No início deste ano, uma dotação orçamentária para a Empresa Pública Obras de Maricá (SOMAR) prevê o investimento de R$ 19 milhões para a construção dos Recifes Artificiais, que deverão ser instalados em pontos estratégicos com o objetivo de fomentar não somente o esporte, mas também o turismo.

O projeto foi iniciado em 2013 e é desenvolvido pela Aram (Arrecifes Artificiais Móveis). Nascida em 2005, a companhia faz parte da incubadora de empresas do Instituto Alberto Luiz Coimbra de Pós-Graduação e Pesquisa de Engenharia, da UFRJ (Universidade Federal do Rio de Janeiro).

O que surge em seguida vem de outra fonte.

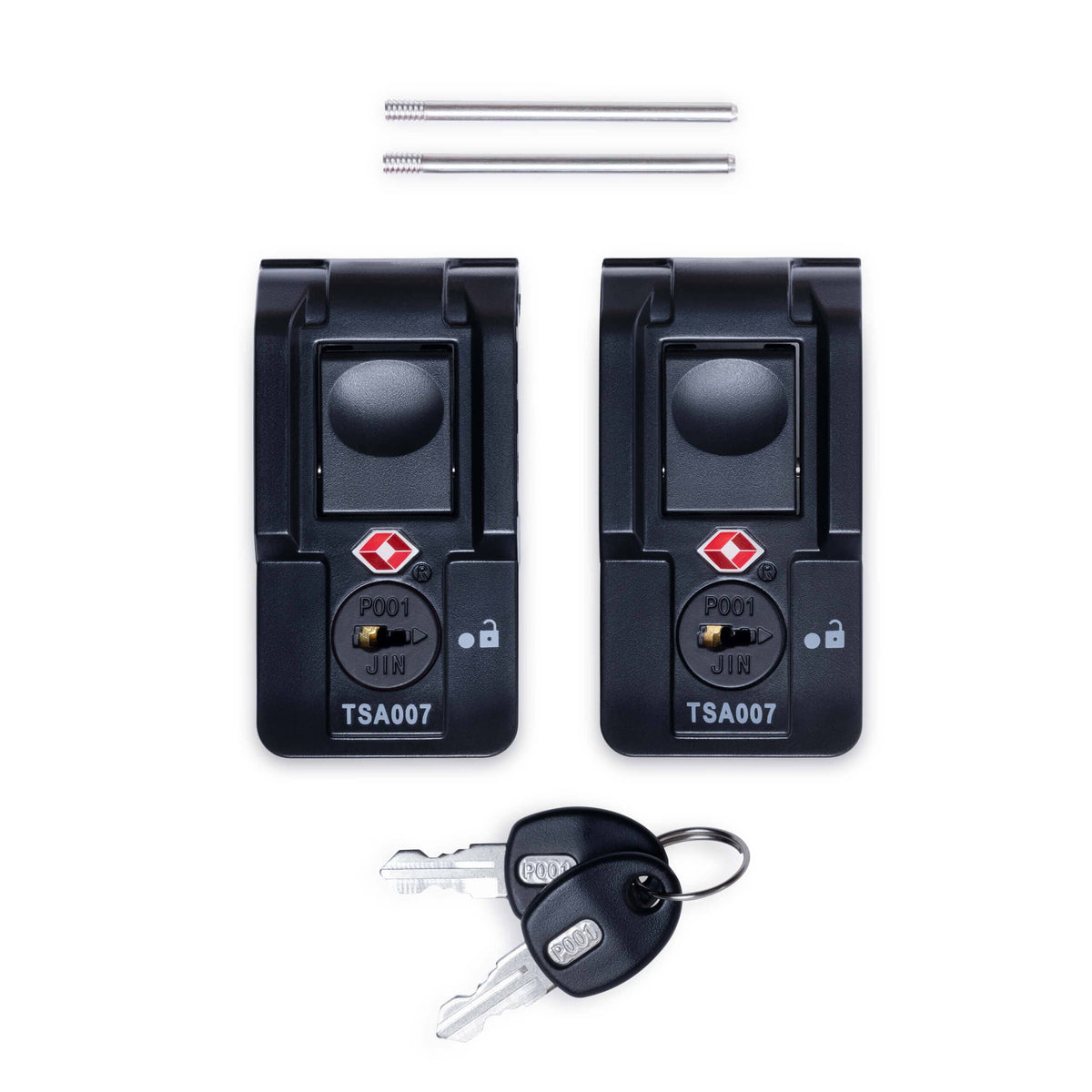 Pelican Air TSA Locking Latches, Black, Push-Button (Set of 2 with Keys) ColorCase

Segundo Maurício Carvalho de Andrade, diretor da Aram, o recife artificial impulsionará o turismo marítimo no Estado do Rio de Janeiro, ao incentivar a prática do surfe e melhorar as condições de balneabilidade.

 

Em Maricá, como grande parte das ondas quebram quase na areia, as estruturas ficarão a 60 metros da praia, com expectativa de gerar ondas perfeitas para surfe durante todo o ano.

Os detalhes do projeto dos recifes artificiais ainda serão divulgados pela Prefeitura de Maricá, que já destinou a verba para implementar o projeto em 2019. Para que a estrutura comece a ser construída e fique pronta no próximo verão, a Prefeitura tem trabalho duro no edital de licitação, que é muito complexo e vem sendo desenvolvido e modificado há anos, desde que a ideia de levar um recife artifical a Maricá ganhou força.

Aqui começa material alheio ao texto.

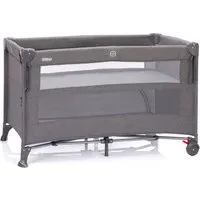 Fillikid Baby Reisebett Porto grau melange - Praktisches Babybett mit Matratze, ideal für Reisen, in stilvollem Grau für Jungen und Mädchen.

O município também se credencia para receber grandes eventos de surfe, de acordo com o engenheiro costeiro Guilherme Aguiar, autor do projeto em Maricá e presidente da Federação de Surf do Estado do Rio de Janeiro (FESERJ). No ano passado, Maricá recebeu um evento de alto nível promovido pela FESERJ com as categorias Profissional e Amador. Com o intuito de atrair mais atletas, a competição está confirmada em 2019 e terá a premiação fortalecida pela Prefeitura.

Caso o fundo artificial seja concluído com êxito, a Prefeitura vai se preparar para tentar promover uma etapa de peso do Qualifying Series, circuito qualificatório da World Surf League (WSL).